Good choice, and I hoped that the food at this new seafood restaurant and wine bar would dulcify me in more ways than one.
MasterChef: The Professionals 2018 finalist Dean Banks, who also owns Haar in St Andrews and still offers a post-lockdown Haar at Home delivery service, opened his new venue back at the end of July. It quickly scuttled, like a hermit crab, into the former premises of L’Escargot Blanc, which sadly closed during lockdown.
This is a great location, near Waldorf Astoria, The Caledonian, where you’ll find this chef's other Edinburgh restaurant, Dean Banks at The Pompadour. Dulse has been created to provide a more casual alternative.
They both have a similar interior decor thing going on, and the newest place has velvety turquoise banquettes, and succulents on the tables.
Sit downstairs, or go up what they've signposted as the Stairway to Heaven. Sadly, we were seated by the window on the ground floor, so I am yet to see if there are any Led Zep Whole Lotta Love references on the next level.
Alongside the wine list, the cocktail menu showcases Banks’ other projects - his diamond-filtered Mond Vodka and Lunun Gin, and I tried Lolo’s Adventure (£11), which was made from the gin and strawberries.
Their food menu features small plates, and a couple of bigger main-course sized ones, and things come as they’re ready. You know the drill.

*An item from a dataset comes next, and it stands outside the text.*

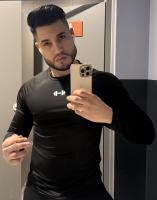 657675283: Chico busca chica en Madrid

Our first was the trout pastrami (£12.50), which was rather lovely, with four thick slices of cured fish that had russet-coloured and peppery dry spices on their outer edge. These came with pieces of crispy melba-toast-ish rye bread, and a scoop of Katy Rodgers creme fraiche, with a little tarn of bright green coriander oil on the top.
Next was the octopus (£14) - a fat single tentacle in a calligraphy-like letter U. It was charred and sea salted, with a tiny bit of heat, and the meat was coiled round an intensely citrussy portion of barley, a sweet burnt tomato jus and more herby oil.
The lobster crumpet (£19) was probably the most sybaritic and rich course. It was as if the crumpet had absorbed a hundred times its weight in butter, like a very thirsty Jiffy Cloth. It was topped by the comparatively light mashed lobster, which was threaded with chives and other herbs. This is the sort of dish you have if you really need spoiling, and you want to feel like a cat on a velvet cushion, being spoon fed Sheba.
After all that, we just went for one main course, with the seared hake (£24), though there was also baked North Sea Cod, Goan curry (£26), a St Andrews lobster thermidor (£28.50 for half, £52 for whole) or, the waiter told us, a day boat special of mackerel.
I wouldn’t say the thought of hake usually fills me with anticipatory joy, but this fillet was just beautiful. It was cooked so the surface looked gilded, and tasted a bit like pork scratchings, with long spirals of carrot underneath. This came with a “kimchi Hollandaise”, which was foamy and had the peachy hue of a Barbie’s skin but with a little spicy bite.
There are just two sweet options for dessert, as well as cheese. We went for the Edinburgh Honey Co set cream (£9) which was lush and clinging to macerated and intensely fragrant quartered strawberries, as well as some green basil oil, sprigs of sweet cicely and chunks of sunflower brittle.
It was a perfect post-fish pud.
There is some lovely seafood to be found on Queensferry Street now.
And you don’t have to take the stairway to heaven, since you’ll find it downstairs too.